I didn’t disappoint them until my junior year, when I was studying abroad in Florence with my best friend Laura. It was the time of my first major depression. I had no words to articulate what I was feeling. After Italian class in the morning, I walked to the center of the city, and distracted myself by seeing English language films in a grand old movie palace. If there was no movie, I walked back up the hill to the house where we were staying with a couple that owned a contemporary art gallery. It was half way between Florence and Fiesole. I watched Rosanna, whom we called “mama,” make dinner in her tiny kitchen in the basement. She taught me how to make a tiramisu with coffee. She taught me how to make arrabbiata. If she wasn’t home, I walked down the street to a little park that overlooked the domed red roofs of Florence. It was better to be outside than inside. I brought a book with me always, but most of the time, I just sat there and cried. My mind raced. I felt desperate. “Ciao,” said the young men who came upon me. “Qual è il tuo numero di telefono?”
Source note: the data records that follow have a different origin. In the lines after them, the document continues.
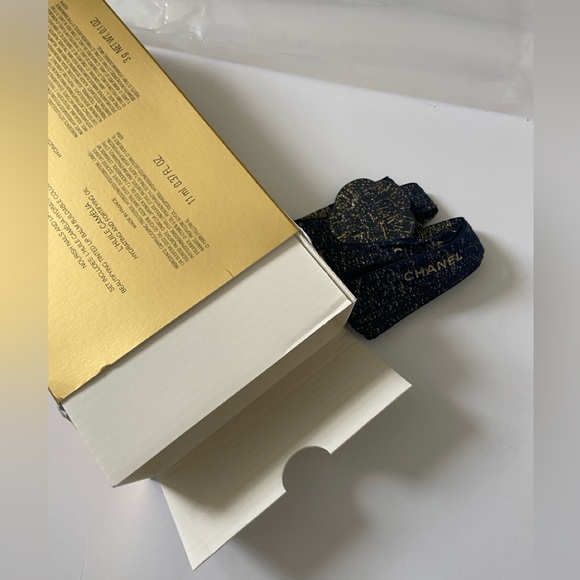 CHANEL Holiday Beauty Box with Ribbon & Flower - Picture 9 of 9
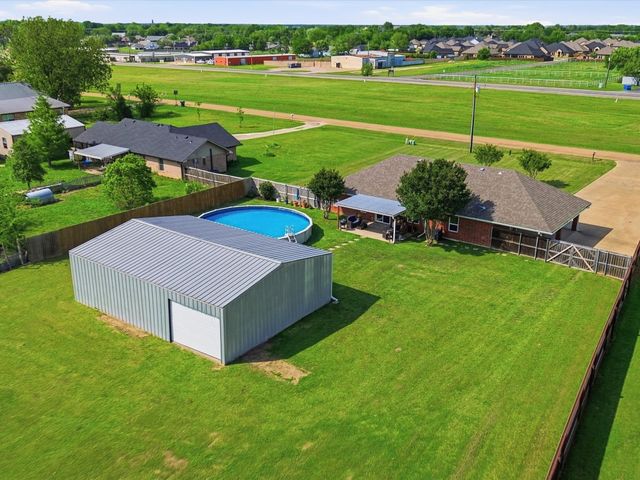 636 E Eubank Street, Mabank, TX 75147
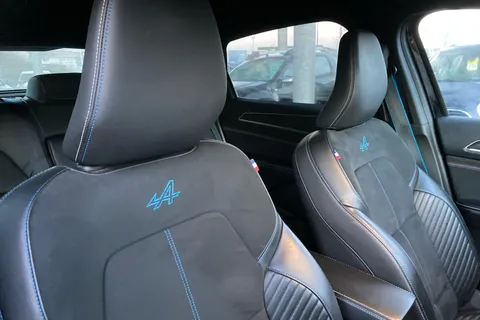 HK74RFN Renault ARKANA 1.6 E-Tech FHEV 145 Esprit Alpine 5dr Auto Thumbnail #21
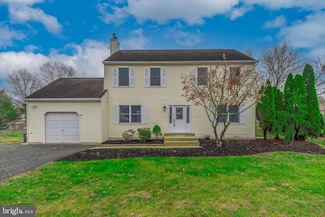 104 Hampton Cir, Gilbertsville, PA 19525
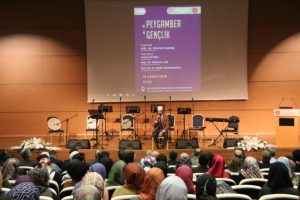 NEV&Uuml;'de "Peygamberimiz ve Gen&ccedil;lik" konulu panel d&uuml;zenlendi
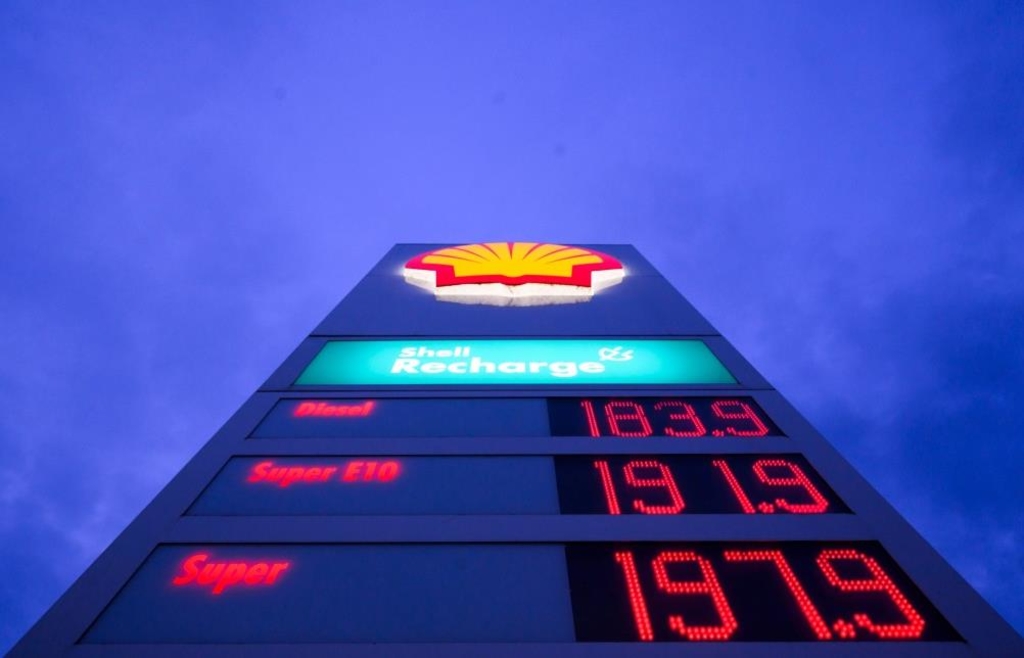 This is why fuel prices were driven up in January - | ADAC gives tips on ...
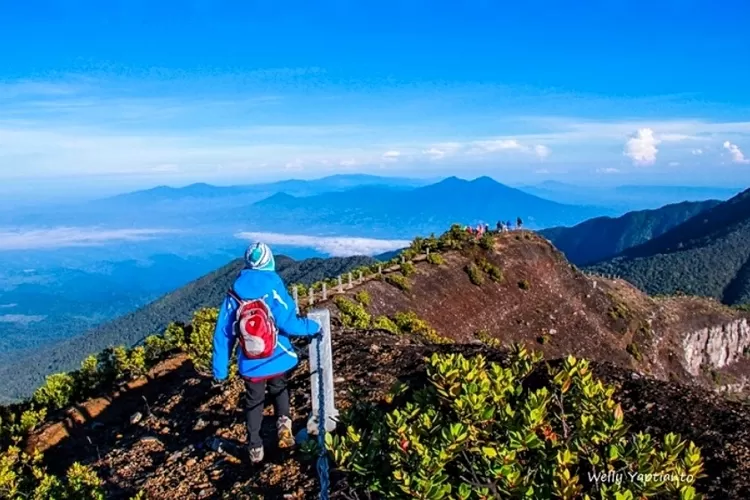 Daftar Gunung Ramah Pendaki Pemula Di Jawa Barat Dengan Panorama Alam ...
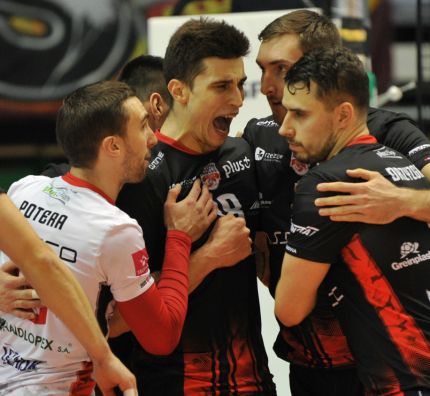 PlusLiga odrabia zaległości. Zwycięstwo Asseco Resovii Rzeszów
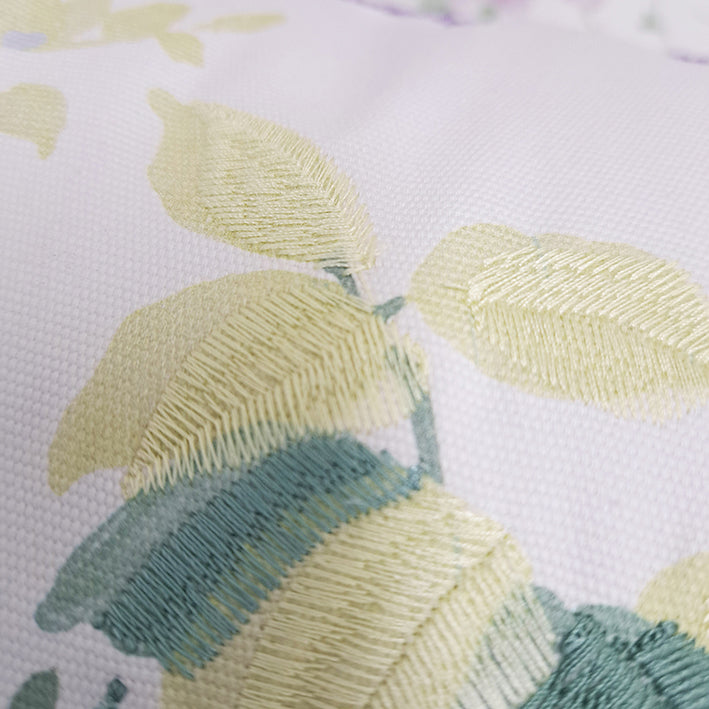 【LAURA　ASHLEY】ウィステリア　クッションカバー　45cmX45cm（メーカー希望小売価格￥7,744税込）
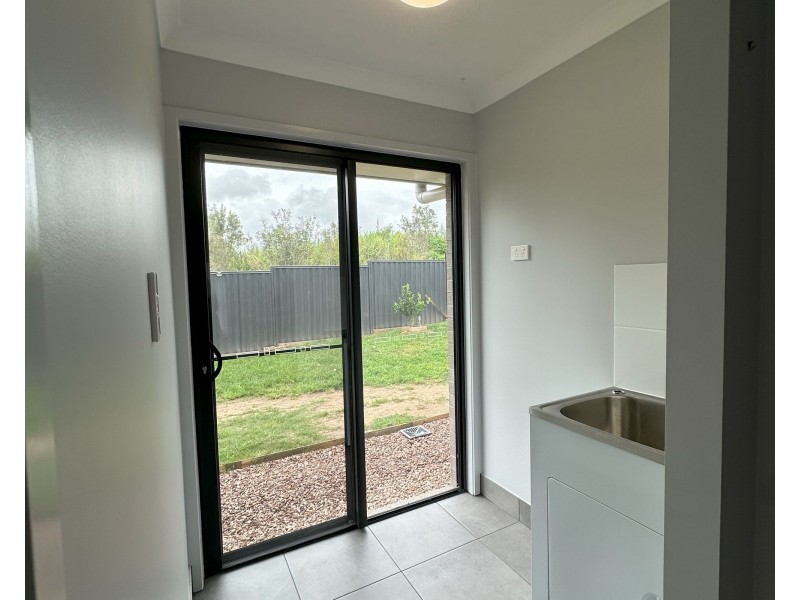 30 Sutherland, Branyan QLD 4670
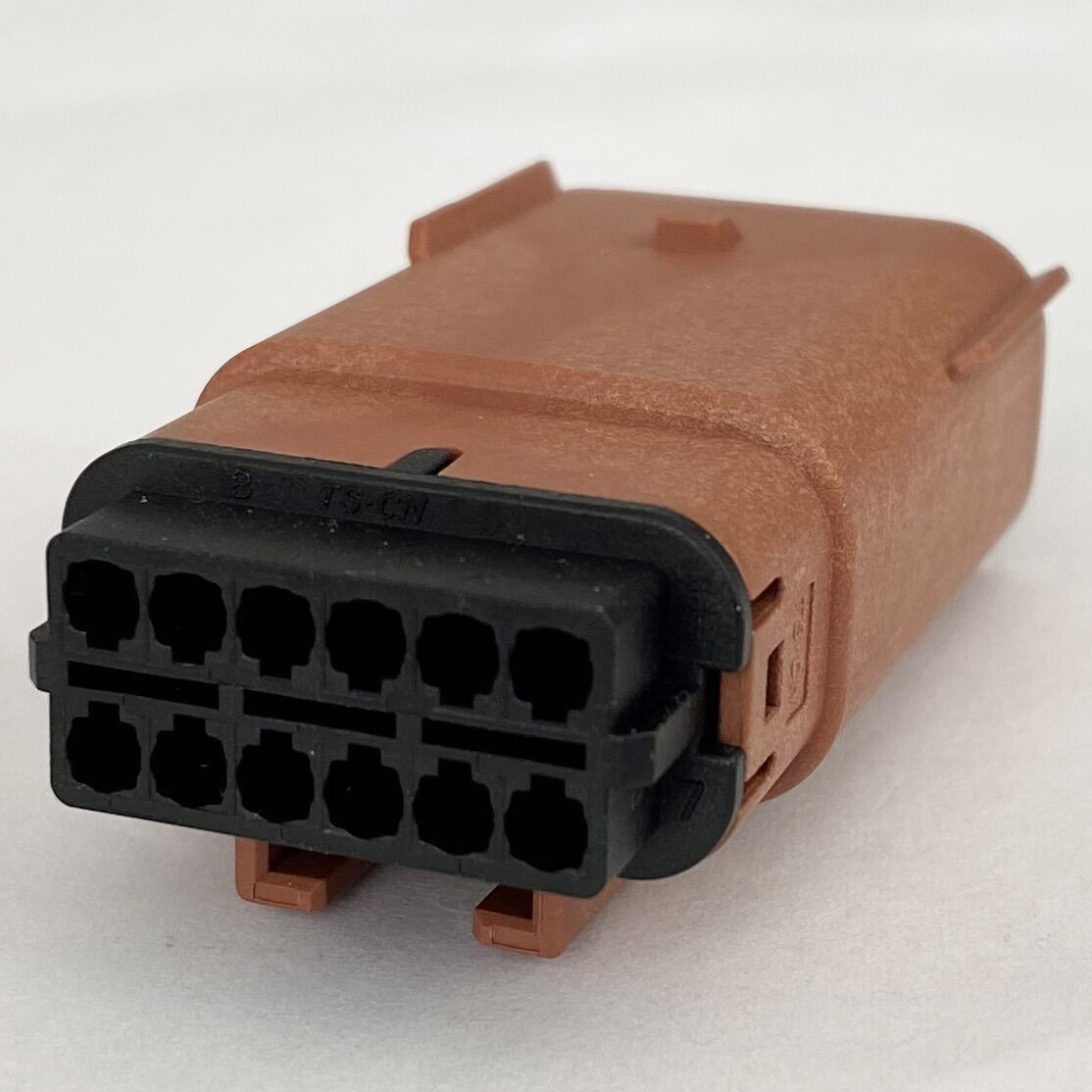 12-Pin-Stecker, braun, Automotive MX150, matt abgedichtet, 33482-6203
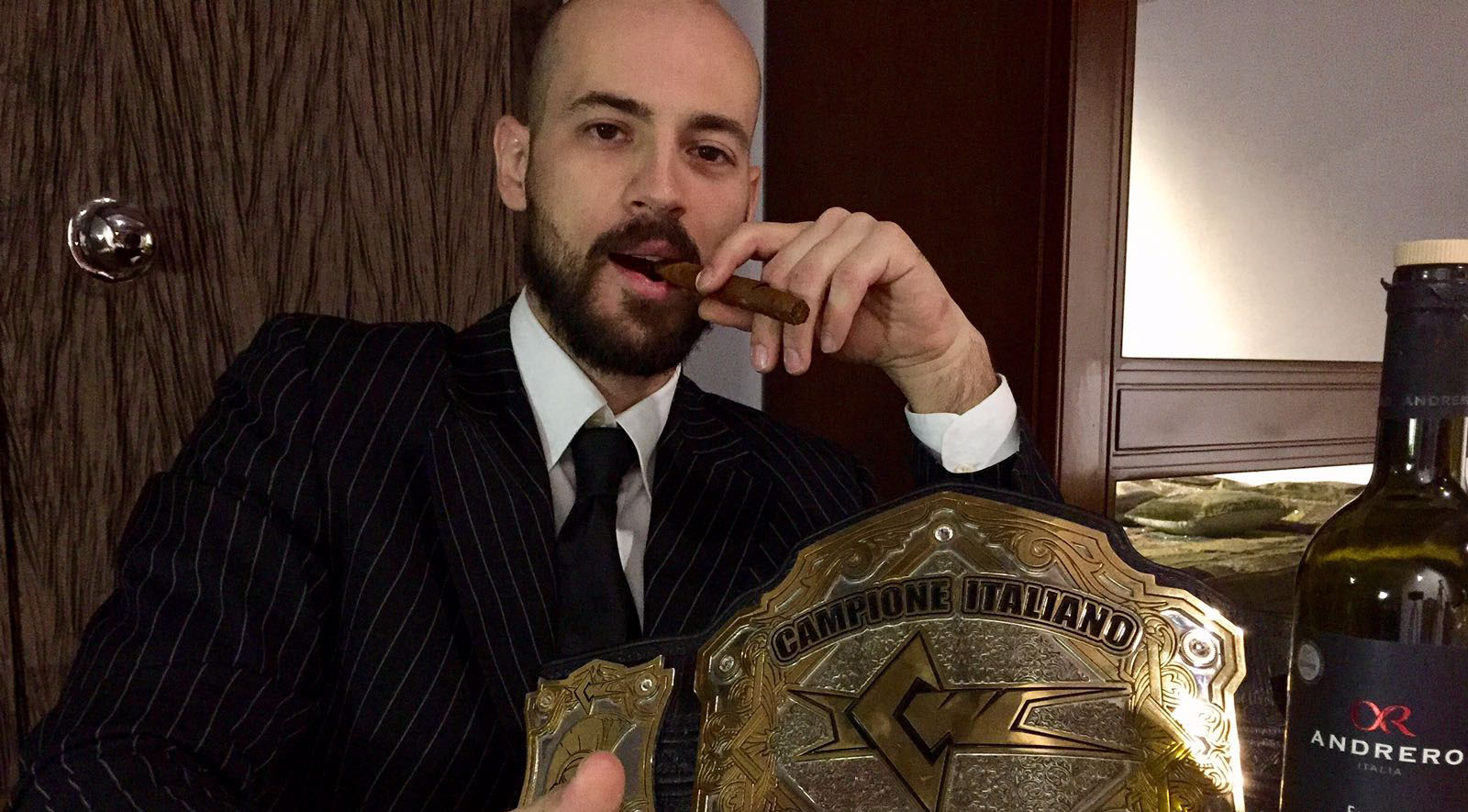 Il Campione Italiano di Wrestling, Alessandro Corleone, è stato il primo dei 3 a concorrere nella gara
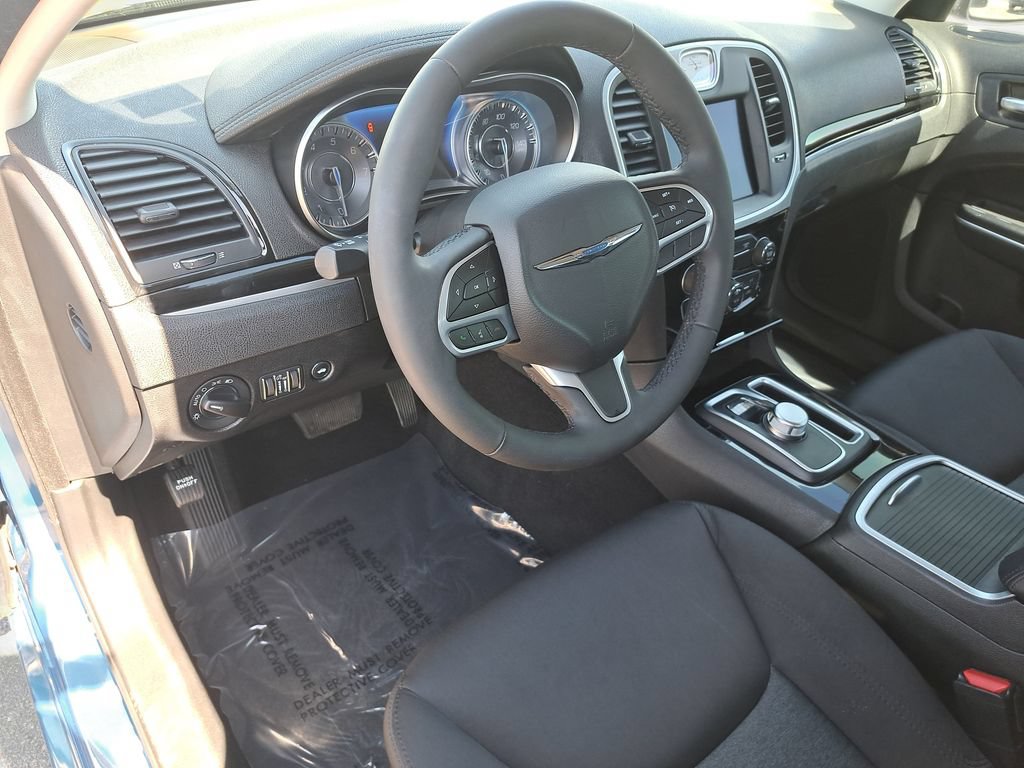 Certified 2023 Chrysler 300 Touring w/ Sport Appearance Package RWD image 16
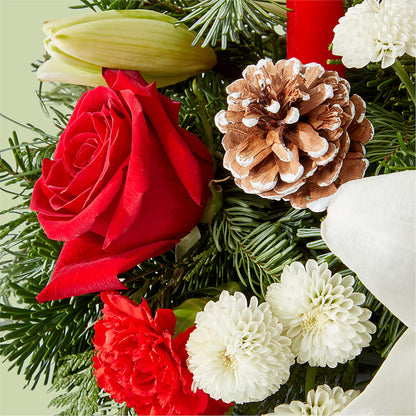 Seasonal Festivities Centerpiece –  Flower Cafe, Hartford WI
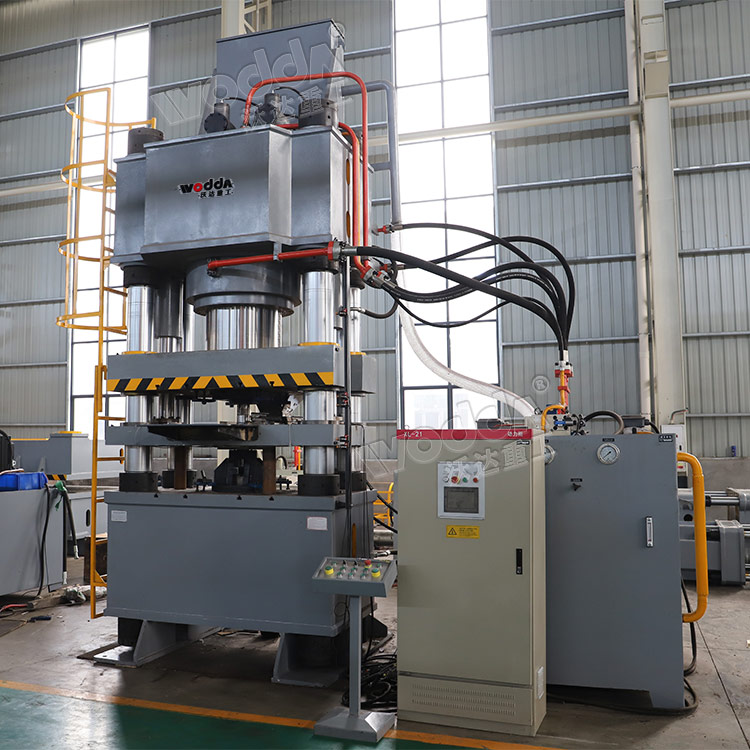 800噸鐵矽鋁(lǚ)磁芯成型液(yè)壓機車間試(shì)機 800噸鐵矽鋁(lü)磁芯成型液(yè)壓機車間試(shì)機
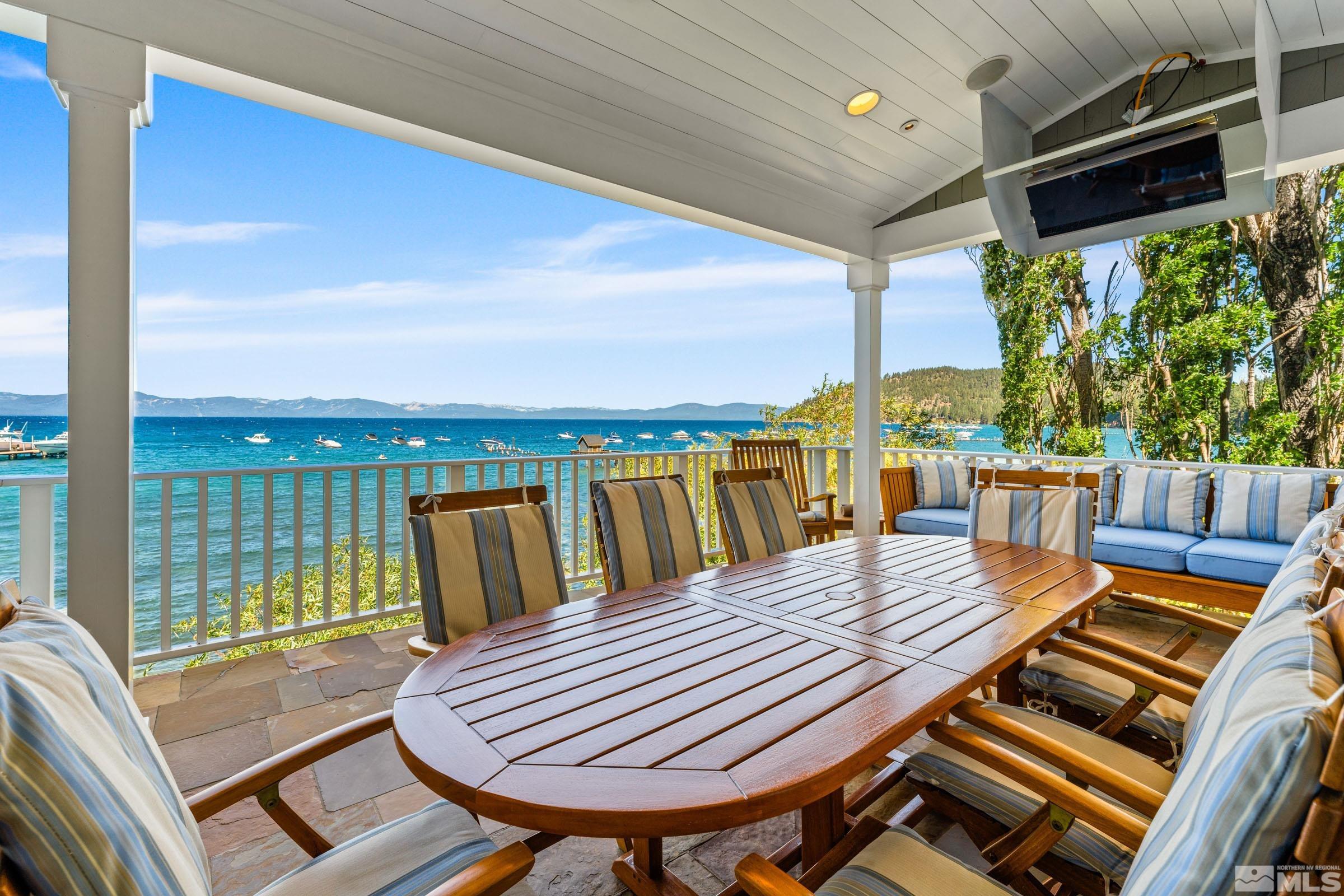 1960 Glenbrook Road Property Photo 16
It was easier to give them my cell phone number than to protest. I didn’t have the language for it. Those boys drove me out of the park. My phone blinked for hours afterwards. “Your eyes are like the stars,” the boys wrote in Italian. “They are very nice, like they sky, and you are very nice, very beautiful.” All of the girls in my study abroad program got the exact same sort of crap. Word on the street was that American women, and especially the students, were easy. Most of the boys weren’t even Italian — they were Albanian. “Get away from me!!” Laura screamed when they followed her home from school. Laura is 5’10”, and looks like Hilary Rhoda. “Ugh, I hate Italy!” she proclaimed when we lay in our respective beds.

The first few weeks, Laura was so homesick that she could hardly move. Right after dinner, she took a Tylenol PM. I was homesick as well, but my sadness seemed less debilitating in comparison. At night, I sat up and read in my bed. I read 32 books in four months. I made absolutely no friends. By the end of our stay, I was the miserable one. “What are you doing tonight?” I asked Laura a week before the term was over.

“Going out to this club,” she said. American students went to the same two or three places every weekend, where they danced to 50 Cent’s “In Da Club” and made out with other American students. Sometimes, if things really got crazy, they smoked some hashish with the guys who worked at the Diesel store.

“Can I come?” I asked. “Yeah, of course,” she said.

We took a cab. When we arrived, I cornered one of the girls. She was from Long Island. She had frizzy brown hair, and carried a Louis Vuitton baguette. She was overweight. She had a very high opinion of herself. “What should I drink that won’t be disgusting?” I asked her.

She shifted her baguette from the crock of her elbow onto her shoulder. “A whiskey sour,” she suggested.

I drank the whiskey sour. No one cared. It made me dizzy. When I got home, I violently threw up in the bathroom.

I went back to Brown the fall of my senior year a changed woman. The seal was broken. My friends mixed me drinks in red plastic cups. I got crunked, and suddenly parties became fun for me. One night, my friend Sonia, a water polo player, made me a huge gin and tonic in a water bottle. I drank the whole thing. We went to a party at a fraternity house. I lost Sonia. I lost my eyesight. I lay down on the sidewalk outside of the entrance in a pool of vomit. My friend Matt, a 6’11” basketball player, picked me up in his arms, and carried me to my friend Yoni’s car. Yoni drove me home to the house where I was living, and helped me walk up the stairs. I fell asleep with my head in the toilet. The next day, I couldn’t get out of bed. “She’s bulimic,” I could hear my roommate hissing through her wall. My roommate had a pet rabbit, and she never cleaned up after the rabbit when it shit all over her bedroom.

Most of my friends in college were potheads. I smoked weed with them on the roofs, or in bedrooms lined with tapestries and bookshelves. The balance slowly shifted in my twenties. Now, most of my friends are heavy drinkers. You love best what you know, and what I know best are alcoholics."